“You have to have a son to carry on the family name.” Why do we hear this saying so much? When my wife and I got pregnant the first time I heard that a few times. Then after we had a girl people would tell me to try for a boy the next time. Then the second daughter came and folks told me to try one more time for a boy. This seems to be an ongoing thing for men especially. What is the big deal with this phenomenon. I think I am starting to understand it and want to give my reasons why I can care less.
From the very beginning of scriptures and time, family lineage was an important part of history. The amount of children was actually considered a sign of wealth and blessing among many people. You had more workers in the family and the more sons you had, the further the family name would spread.

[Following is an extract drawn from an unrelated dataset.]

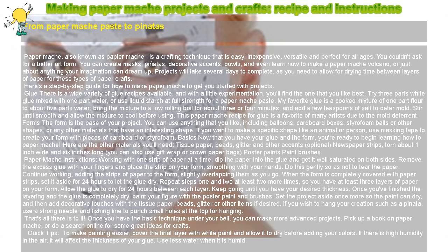Projects will take several days to complete, as you need to allow for drying time between layers of paper for these types of paper crafts. Here's a step-by-step guide for how to make papier-mâché to get you started with projects.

This was also important for God’s people to grow and spread throughout the earth. This traveled throughout kingdoms as well. Over time all the way until now, carrying on a family name has been held to an important standard. If a couple did not have a son, the family would sometimes look down on them. Women were celebrated more for every son they brought into a family as if it were a wage or accomplished task. I think this had a. more important reasoning in that time than it does now. With all that being said, this is why I don’t care about my name being carried on.

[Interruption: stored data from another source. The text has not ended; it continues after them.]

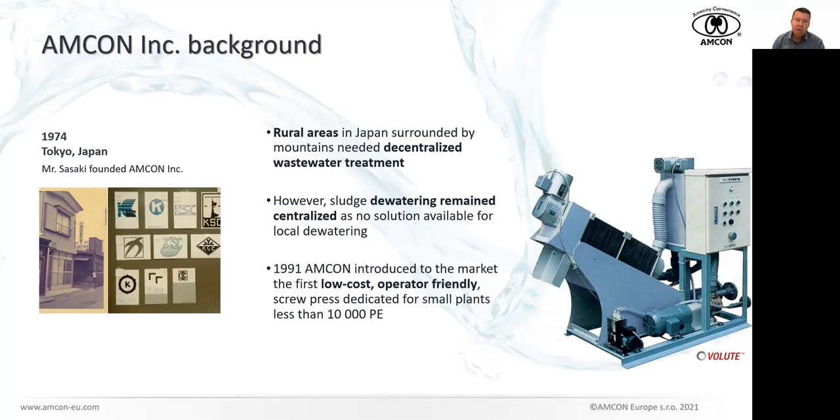The company is now focusing on developing and producing Volute dewatering presses and thickeners. We proudly say that decentralized sludge dewatering is part of our company's DNA. We have been showing that there is no need to move huge amounts of sludge around cities or regions to transport undewatered sludge to big centralized wastewater treatment plants. You can have a small, easy-to-use, cheap-to-operate dewatering press and dewater the sludge at the place where it is created.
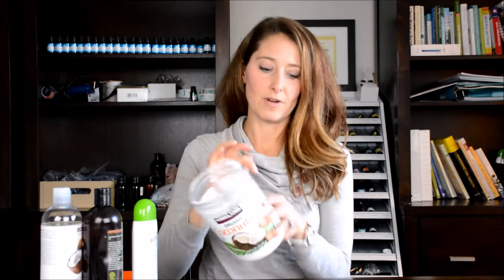And then of course you can use coconut oil like right from your kitchen. Coconut oil is a little bit harder, so if you're going to make a little container of like a one-ounce blend with this, you put the essential oil in and then it will harden. You'll just kind of have to take a little bit of it and as you put it on your skin it will melt.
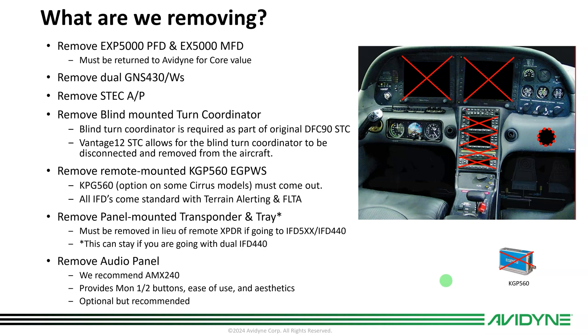If you have dual IFD 440s, you can keep the panel-mounted transponder. Some of you already have an NGT 9000 panel mount, a GTX 345, or similar — Vantage will work with that, and the IFDs currently work with it. We recommend our AMX 240 audio panel, though if you have an existing Garmin, PS Engineering, or other audio panel you can leave it in. The reason we recommend the AMX 240 is that it accommodates the monitor 1 and 2 buttons — the IFDs will tune the standby comm, giving you the ability to switch those on and off.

When people tell me I need to pass on my name I could feel a sense of pride coming from those who were telling me that within the family. It was almost as if they wanted to spread their name around through my children (possible sons). When I would tell people I am having a daughter (4 times in total) I would get a look of disappointment as if my wife and I have failed at carrying on the family business. After that initial disappointed reaction, they smiled and congratulated us. Now that we are not having anymore kids, have we failed as members of the Bordeaux family?
Another reason I don’t care if I have a son to carry on the family name, is that from a Kingdom perspective, my name doesn’t matter. Would a son be more of a son just because he will keep my last name forever, but my daughter be less because she takes on someone else’s name? No. The only name I truly care about is the name of Christ. If they are adopted into the body of Christ, the name of Bordeaux doesn’t matter. If we are not careful we can let this become an issue of pride and disappointment if our kids don’t ‘live up’ to the name we want them to.
Some people want their kids to restore the family name. I don’t think this is fair to the kids themselves. This leave little room for error and begs for perfection or the parents may become disappointed. A lot of parents want their kids to make them look great. Again this is an issue of pride that needs to be dealt with. If you want the family’s name restored, you do it yourself. Don’t pressure your kids to do it.
Not everyone fits into these categories. I do want to challenge anyone who thinks they need to have a son to carry on the family name to question why? Remember all the times in scripture where God changed the name of his children after they were grown. Don’t get too attached to your name or too prideful of it. The name of Christ is the most important name to be honored and exalted.